I'm all about bonding pairs though. It makes them happier


----------



## revolutionrocknroll (Sep 22, 2011)

My rabbit's an unfixed female, and she doesn't really get along with other bunnies. She doesn't attack them, but she's a very dominant rabbit. She likes my dog though. My dog is terrified of her xD
I'm an animal science major! Most of the people in my major are doing the pre-vet track, but I'm just doing general animal science. We learn a lot about cows...


----------



## Aus (Feb 3, 2012)

Your lop looks as if he might make a better watchdog than your dogs. I'd probably think twice about confronting the territory of that rabbit. :lol:

They're all lovely and obviously well kept. Thanks for sharing.


----------



## JBosley (Jan 28, 2012)

revolutionrocknroll said:


> My rabbit's an unfixed female, and she doesn't really get along with other bunnies. She doesn't attack them, but she's a very dominant rabbit. She likes my dog though. My dog is terrified of her xD
> I'm an animal science major! Most of the people in my major are doing the pre-vet track, but I'm just doing general animal science. We learn a lot about cows...

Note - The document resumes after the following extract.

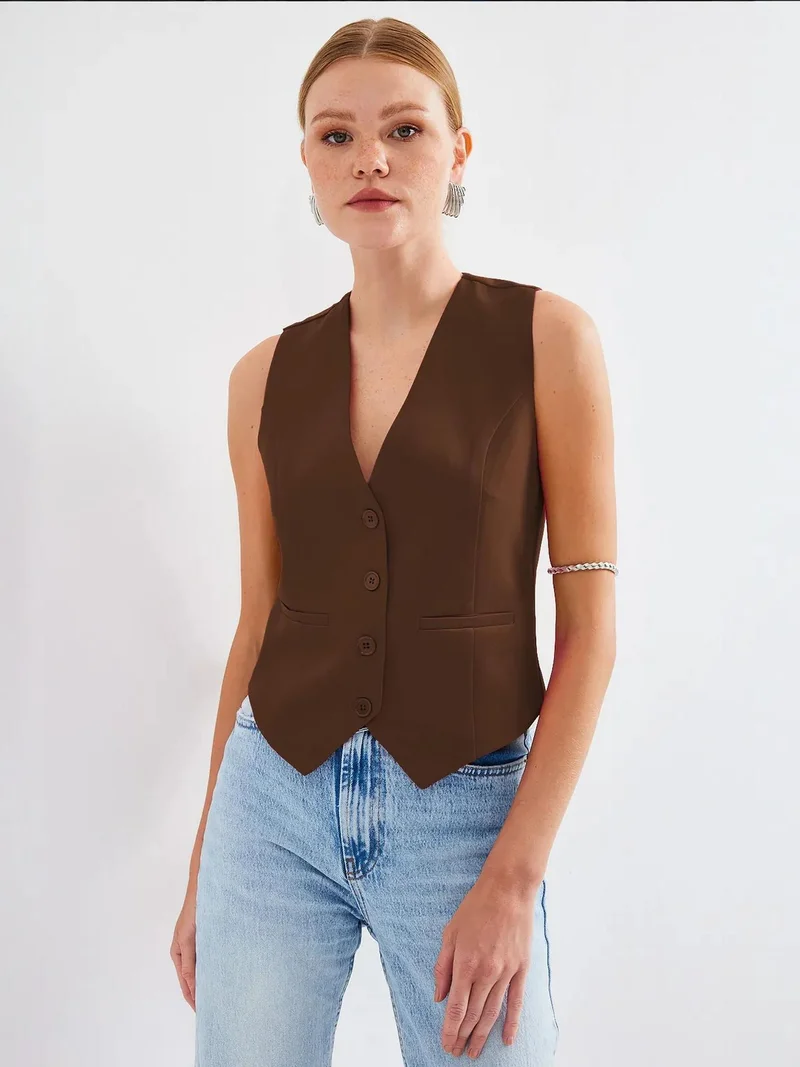 بيغ دارت سترة صدرية بياقة على شكل  وأزرار وجيب بفتحة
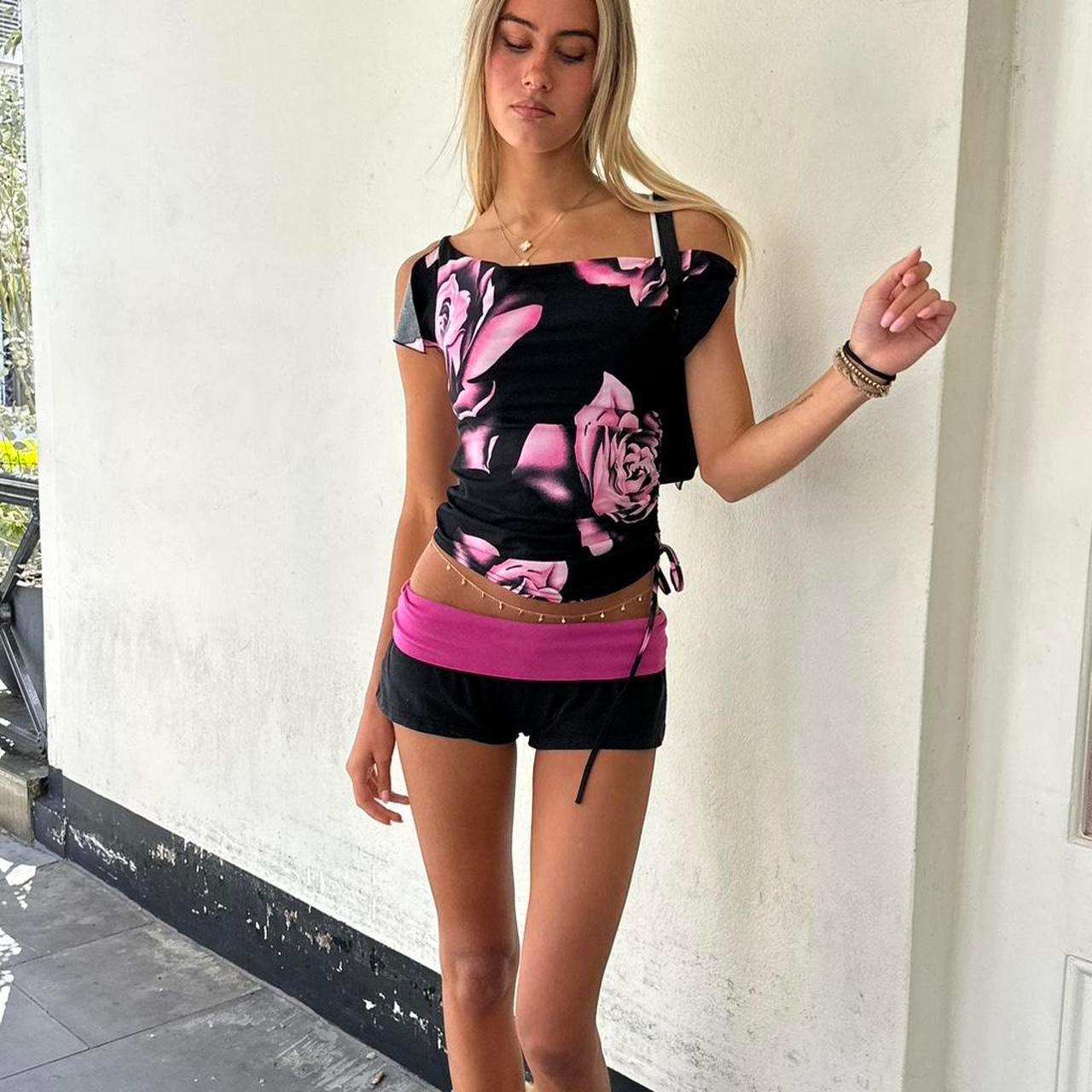 Vintage 2000’s rose black cami top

Thats because Cows are awesome :-D I just went for Animal Care, waaaay less schooling (I had already done 3 years of college) and less technical and more hands on with animals.


----------



## revolutionrocknroll (Sep 22, 2011)

Yeah, that actually sounds more like something I'd be interested in. Even though I'm not pre-vet, there are still a lot of health/reproduction/nutrition classes that I have to take that seem kind of boring. But there are a couple of dog training classes that I'm taking and going to take, and I'm going to also take Animals in Society/Animal Welfare, so those should be fun.
Lol. I know more about cows than I ever wanted to know xD


----------